Summary: activations, gradients, and BatchNorm

TL;DR. A correct deep network can still fail to train, and it fails in two diagnosable ways. It starts confidently wrong (random weights make over-confident logits, so the loss spikes far above the -log(1/27) = 3.30 uniform baseline), and its tanh neurons saturate (large pre-activations push outputs into the flat tails where the local derivative 1 - tanh^2 is near zero, so almost no gradient flows and neurons go numb). Fix both with good initialization (small output weights, and scale each layer by 1 / sqrt(fan-in)), or make it automatic with batch normalization (normalize each layer’s pre-activations across the batch, then learn a gain and bias). These are the techniques that make every deep network, transformers included, trainable.

Core ideas

A naive deep net starts confidently wrong. Random weights produce large, spread logits, and softmax makes them a confident distribution, so the loss spikes. A model that knew nothing should guess uniformly and start at -log(1/27) = log(27) = 3.30. Shrinking the output weights so initial logits are near zero fixes the start.
tanh neurons saturate, and that kills the gradient.
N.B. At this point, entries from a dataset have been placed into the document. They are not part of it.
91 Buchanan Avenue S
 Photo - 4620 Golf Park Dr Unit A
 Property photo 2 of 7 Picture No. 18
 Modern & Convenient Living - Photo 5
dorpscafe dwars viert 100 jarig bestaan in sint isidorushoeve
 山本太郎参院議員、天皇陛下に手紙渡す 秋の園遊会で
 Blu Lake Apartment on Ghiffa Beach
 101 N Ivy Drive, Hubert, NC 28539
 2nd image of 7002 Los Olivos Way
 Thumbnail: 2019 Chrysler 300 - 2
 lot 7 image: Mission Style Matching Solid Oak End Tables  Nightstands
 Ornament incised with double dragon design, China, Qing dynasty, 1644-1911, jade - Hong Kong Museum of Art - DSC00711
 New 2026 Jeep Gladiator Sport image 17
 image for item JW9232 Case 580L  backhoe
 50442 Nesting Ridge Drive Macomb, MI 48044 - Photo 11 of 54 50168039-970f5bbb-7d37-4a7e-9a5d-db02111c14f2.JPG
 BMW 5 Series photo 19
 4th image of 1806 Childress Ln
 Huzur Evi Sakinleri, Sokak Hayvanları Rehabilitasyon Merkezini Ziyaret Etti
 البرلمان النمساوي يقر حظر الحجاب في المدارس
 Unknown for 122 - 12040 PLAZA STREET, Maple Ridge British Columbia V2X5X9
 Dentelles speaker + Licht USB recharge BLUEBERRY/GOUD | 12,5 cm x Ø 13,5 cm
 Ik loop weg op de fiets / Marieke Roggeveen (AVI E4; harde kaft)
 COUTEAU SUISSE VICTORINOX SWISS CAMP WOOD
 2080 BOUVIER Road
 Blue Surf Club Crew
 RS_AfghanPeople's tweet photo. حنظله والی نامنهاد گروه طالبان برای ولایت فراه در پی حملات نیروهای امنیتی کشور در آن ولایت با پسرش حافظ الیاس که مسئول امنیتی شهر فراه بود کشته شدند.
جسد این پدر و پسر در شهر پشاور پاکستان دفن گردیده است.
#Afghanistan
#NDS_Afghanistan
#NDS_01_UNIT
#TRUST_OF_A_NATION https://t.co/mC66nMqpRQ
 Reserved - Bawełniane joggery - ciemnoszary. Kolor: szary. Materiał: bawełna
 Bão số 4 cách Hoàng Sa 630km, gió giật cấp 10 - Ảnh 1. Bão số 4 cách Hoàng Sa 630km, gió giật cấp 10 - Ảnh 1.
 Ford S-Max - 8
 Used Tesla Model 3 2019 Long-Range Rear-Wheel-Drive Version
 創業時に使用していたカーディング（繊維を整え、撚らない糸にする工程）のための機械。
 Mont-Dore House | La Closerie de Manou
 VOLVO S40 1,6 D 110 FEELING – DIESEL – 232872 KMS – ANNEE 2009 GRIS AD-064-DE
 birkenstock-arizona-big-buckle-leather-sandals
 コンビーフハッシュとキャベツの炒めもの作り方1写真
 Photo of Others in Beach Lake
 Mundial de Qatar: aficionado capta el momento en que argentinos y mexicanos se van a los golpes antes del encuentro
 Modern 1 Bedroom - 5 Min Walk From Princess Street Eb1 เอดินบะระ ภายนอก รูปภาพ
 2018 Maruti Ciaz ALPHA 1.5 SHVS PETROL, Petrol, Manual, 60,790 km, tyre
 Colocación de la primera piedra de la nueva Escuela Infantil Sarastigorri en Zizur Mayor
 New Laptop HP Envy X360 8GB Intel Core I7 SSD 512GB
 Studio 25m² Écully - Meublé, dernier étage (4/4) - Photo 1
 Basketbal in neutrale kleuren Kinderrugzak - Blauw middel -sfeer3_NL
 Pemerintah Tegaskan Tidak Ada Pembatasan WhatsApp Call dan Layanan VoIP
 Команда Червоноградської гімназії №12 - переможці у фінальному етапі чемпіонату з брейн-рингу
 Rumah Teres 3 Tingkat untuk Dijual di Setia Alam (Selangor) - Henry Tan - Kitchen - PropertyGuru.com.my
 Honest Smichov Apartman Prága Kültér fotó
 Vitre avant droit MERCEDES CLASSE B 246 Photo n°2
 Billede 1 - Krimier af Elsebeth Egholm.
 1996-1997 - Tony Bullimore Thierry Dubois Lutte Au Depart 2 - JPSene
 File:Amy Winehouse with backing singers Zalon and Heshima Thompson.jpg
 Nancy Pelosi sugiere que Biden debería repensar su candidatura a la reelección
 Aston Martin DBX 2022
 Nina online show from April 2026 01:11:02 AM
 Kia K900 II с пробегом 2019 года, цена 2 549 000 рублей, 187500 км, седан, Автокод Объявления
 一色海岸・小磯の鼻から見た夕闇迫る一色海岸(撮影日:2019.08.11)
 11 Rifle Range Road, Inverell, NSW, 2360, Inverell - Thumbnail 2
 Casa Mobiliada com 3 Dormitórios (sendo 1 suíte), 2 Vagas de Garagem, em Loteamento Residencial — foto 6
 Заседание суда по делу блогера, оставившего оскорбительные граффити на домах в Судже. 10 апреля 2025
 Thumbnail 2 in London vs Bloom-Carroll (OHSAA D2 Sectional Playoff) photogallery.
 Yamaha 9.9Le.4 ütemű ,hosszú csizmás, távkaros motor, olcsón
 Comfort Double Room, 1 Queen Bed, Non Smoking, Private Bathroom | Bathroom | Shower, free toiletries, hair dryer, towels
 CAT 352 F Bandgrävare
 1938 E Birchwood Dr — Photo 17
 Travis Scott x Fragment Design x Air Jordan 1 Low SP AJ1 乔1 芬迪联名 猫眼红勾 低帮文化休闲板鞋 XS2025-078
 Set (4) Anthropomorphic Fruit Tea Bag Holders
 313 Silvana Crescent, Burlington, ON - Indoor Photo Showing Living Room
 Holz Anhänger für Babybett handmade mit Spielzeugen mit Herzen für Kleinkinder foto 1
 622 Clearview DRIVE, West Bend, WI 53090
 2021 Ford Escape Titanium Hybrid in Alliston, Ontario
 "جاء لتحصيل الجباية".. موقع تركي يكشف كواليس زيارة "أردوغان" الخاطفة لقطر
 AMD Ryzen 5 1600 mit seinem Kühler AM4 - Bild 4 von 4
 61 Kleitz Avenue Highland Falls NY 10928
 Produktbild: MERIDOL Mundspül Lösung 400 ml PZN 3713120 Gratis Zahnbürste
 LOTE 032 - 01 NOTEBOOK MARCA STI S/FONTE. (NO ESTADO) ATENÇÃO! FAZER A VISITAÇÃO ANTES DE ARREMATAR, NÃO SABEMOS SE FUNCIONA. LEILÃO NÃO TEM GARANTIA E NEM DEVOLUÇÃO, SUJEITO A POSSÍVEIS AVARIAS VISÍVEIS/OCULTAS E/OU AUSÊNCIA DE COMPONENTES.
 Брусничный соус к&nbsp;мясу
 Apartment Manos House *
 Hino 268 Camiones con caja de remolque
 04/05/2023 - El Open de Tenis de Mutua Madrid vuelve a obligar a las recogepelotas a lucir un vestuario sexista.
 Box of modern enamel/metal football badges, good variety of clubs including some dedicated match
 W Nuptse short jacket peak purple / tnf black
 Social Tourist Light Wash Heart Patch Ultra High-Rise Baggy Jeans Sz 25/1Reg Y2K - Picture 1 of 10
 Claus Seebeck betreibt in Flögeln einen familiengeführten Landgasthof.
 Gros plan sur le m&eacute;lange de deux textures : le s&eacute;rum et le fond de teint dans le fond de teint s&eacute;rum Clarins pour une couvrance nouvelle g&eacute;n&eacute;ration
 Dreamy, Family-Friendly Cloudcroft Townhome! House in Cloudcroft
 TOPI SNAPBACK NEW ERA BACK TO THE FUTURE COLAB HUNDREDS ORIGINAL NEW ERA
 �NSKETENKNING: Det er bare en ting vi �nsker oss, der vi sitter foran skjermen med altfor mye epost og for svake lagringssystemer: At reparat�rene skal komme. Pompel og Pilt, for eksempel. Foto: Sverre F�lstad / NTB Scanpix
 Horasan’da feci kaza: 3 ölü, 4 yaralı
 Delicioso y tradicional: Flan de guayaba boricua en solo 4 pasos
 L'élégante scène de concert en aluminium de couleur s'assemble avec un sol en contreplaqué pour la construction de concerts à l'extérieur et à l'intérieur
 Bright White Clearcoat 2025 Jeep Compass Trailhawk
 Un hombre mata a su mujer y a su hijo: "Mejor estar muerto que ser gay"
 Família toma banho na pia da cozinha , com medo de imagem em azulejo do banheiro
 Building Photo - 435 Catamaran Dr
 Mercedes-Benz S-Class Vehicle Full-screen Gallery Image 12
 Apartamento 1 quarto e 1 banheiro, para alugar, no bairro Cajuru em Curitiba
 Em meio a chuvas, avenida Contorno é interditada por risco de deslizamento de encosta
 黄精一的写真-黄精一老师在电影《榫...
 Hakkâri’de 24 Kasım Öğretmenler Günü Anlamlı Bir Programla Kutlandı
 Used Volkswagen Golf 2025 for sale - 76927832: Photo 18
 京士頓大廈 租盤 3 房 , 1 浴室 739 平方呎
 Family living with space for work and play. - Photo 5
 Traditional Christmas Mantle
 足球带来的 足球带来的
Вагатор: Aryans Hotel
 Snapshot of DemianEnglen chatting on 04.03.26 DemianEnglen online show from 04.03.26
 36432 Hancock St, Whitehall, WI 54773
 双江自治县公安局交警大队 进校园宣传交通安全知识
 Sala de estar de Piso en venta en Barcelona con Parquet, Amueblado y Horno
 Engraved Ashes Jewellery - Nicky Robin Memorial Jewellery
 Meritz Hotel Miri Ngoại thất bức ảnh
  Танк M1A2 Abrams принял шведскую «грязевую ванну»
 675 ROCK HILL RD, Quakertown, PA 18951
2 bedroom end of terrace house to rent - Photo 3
When a pre-activation is large, the output sits in tanh’s flat tail, where 1 - tanh^2 is nearly zero (at input 2 it is about 0.07; at 3, about 0.01). Backprop multiplies by this, so a saturated neuron passes almost no gradient and stops learning. The best diagnostic is a histogram of a layer’s activations: piled at the tails = trouble.
Initialization fixes it at the source. Pre-activation size grows with the number of inputs summed, so scale each layer’s weights by about 1 / sqrt(number of inputs). That keeps activations at a healthy spread layer to layer, so signals neither explode into saturation nor vanish through depth. This is Kaiming initialization.
Batch normalization makes it automatic. Normalize each layer’s pre-activations to zero mean and unit variance across the minibatch, then apply a learned gain and bias. Activations stay healthy regardless of initialization, at the cost of coupling examples in a batch and needing running statistics at inference.
This is why deep models are hard to train, and how they get trained anyway. In a deep network signals can explode or vanish as they propagate; a network whose gradients vanished learns nothing. Initialization and normalization keep the gradients alive across depth.

What changes for you

“Training was unstable” or “the model didn’t converge” stops being a mystery and becomes a specific, diagnosable situation: somewhere the activations saturated or the gradients vanished. You also understand why normalization layers appear in every modern architecture, every transformer has them (layer normalization), not as decoration but as load-bearing parts that keep signals flowing through depth. The next lesson takes away the autograd engine and has you backpropagate through this whole network by hand, so the gradient flow you have been diagnosing becomes something you can compute and debug yourself, not something a library does behind a curtain.